Daniel, adaptation du livre The Book of Daniel d'E.L. Doctorow, permet à Sidney Lumet de se pencher sur le parcours d'un frère et d'une sœur qui vont voir leur vie basculer suite au décès de leurs parents par chaise électrique dans les années 1950, accusés d'avoir livré des secrets à l'URSS.
Sidney Lumet met en scène un drame familial très fort, où il va surtout mettre en lumière le destin de Daniel, qui va grandir sans ses parents et voir sa sœur peu à peu sombrer suite à cela. Le metteur en scène de Serpico alterne entre deux époques, et va s'intéresser à l'affaire tournant autour des parents par le biais d'une enquête du fils, qui va tenter d'éclaircir cela, alors que les preuves étaient très minimes à l'époque, principalement axées autour du témoignage d'un dentiste.

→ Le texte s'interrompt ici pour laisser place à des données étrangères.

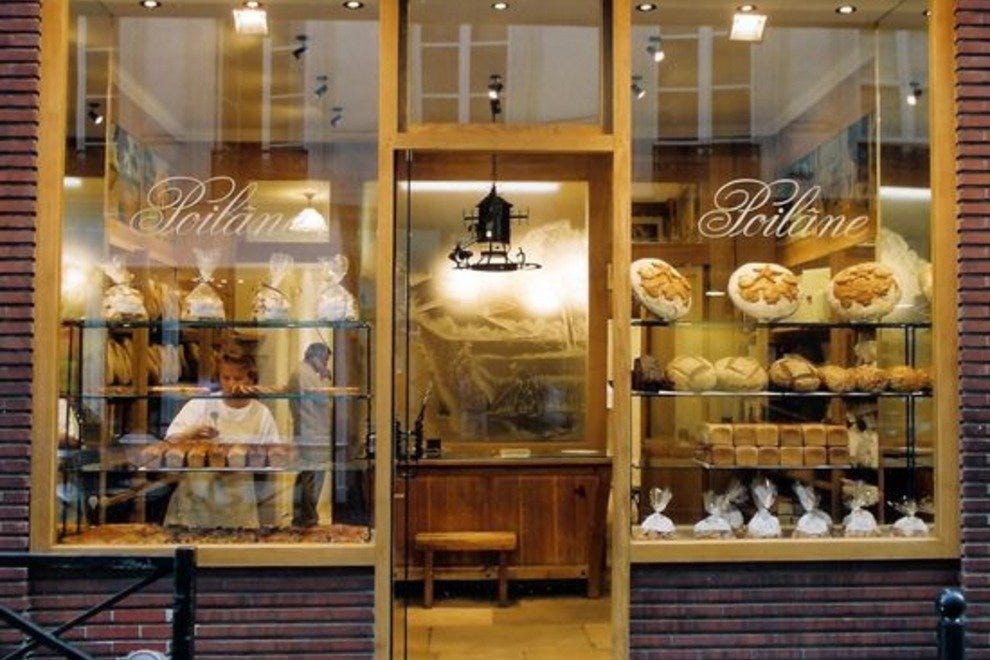Poilâne Bakery Paris Restaurants Review 10Best Experts and Tourist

En étudiant cette relation entre parents et enfants, ce qu'il refera brillamment dans A Bout de Course, il se penche aussi sur cette période sombre des Etats-Unis et, comme dans l'ensemble de sa filmographie, s'interroge sur les institutions et la démocratie de ce pays. Ici, il le fait avec justesse et sans lourdeur, toujours dans le cadre de la vision du fils et c'est avec une grande émotion qu'il le fait, exploitant à merveille une immense qualité d'écriture et sachant donner une vraie profondeur à ses personnages et enjeux, menant son récit avec talent, et nous faisant prendre conscience de la gravité du sujet et le contexte de l'époque, sans jamais être larmoyant.
La force du film tient aussi dans son atmosphère, tour à tour intrigante et bouleversante mais toujours puissante et immersive, nous donnant l'impression de plonger dans la vie de Daniel et d'enquêter à ses côtés. Il y a aussi une sensation de temps qui passe et de réflexion sur la vie, ses dilemmes ou encore sa difficulté, l'importance et les conséquences de nos actes, vivre avec un passé lourd ainsi que la mélancolie et les souvenirs d'enfance. Tout cela, Lumet le traite avec justesse et sincérité, proposant aussi richesse et émotion par ce prisme, avec de nombreuses séquences fortes ainsi qu'une parfaite exploitation du cadre et des époques.
Dans ce parcours qui verra Daniel s'interroger et devenir un homme, Lumet se pose aussi en contestataire de la peine de mort, évoquant un cas où le doute est permis (renvoyant ainsi directement à 12 Hommes en Colère, mais c'est bien le drame qui passe au premier plan et c'est mieux ainsi. Devant la caméra, Timothy Hutton est remarquable en orphelin qui va voir sa vie bouleversée par les accusations et la mort de ses parents, et chercher à en comprendre les causes, tandis qu'il est très bien entouré, notamment par Lindsay Crouse et Ellen Barkin.
Oeuvre trop méconnue dans la carrière de Sidney Lumet, Daniel n'en reste pas moins très bouleversante et particulièrement attachante et intelligente, où le cinéaste revient sur une période sombre de l'histoire américaine à travers un destin brisé, et mettra en avant, avec mélancolie et puissance, la façon dont on peut se relever d'un drame personnel.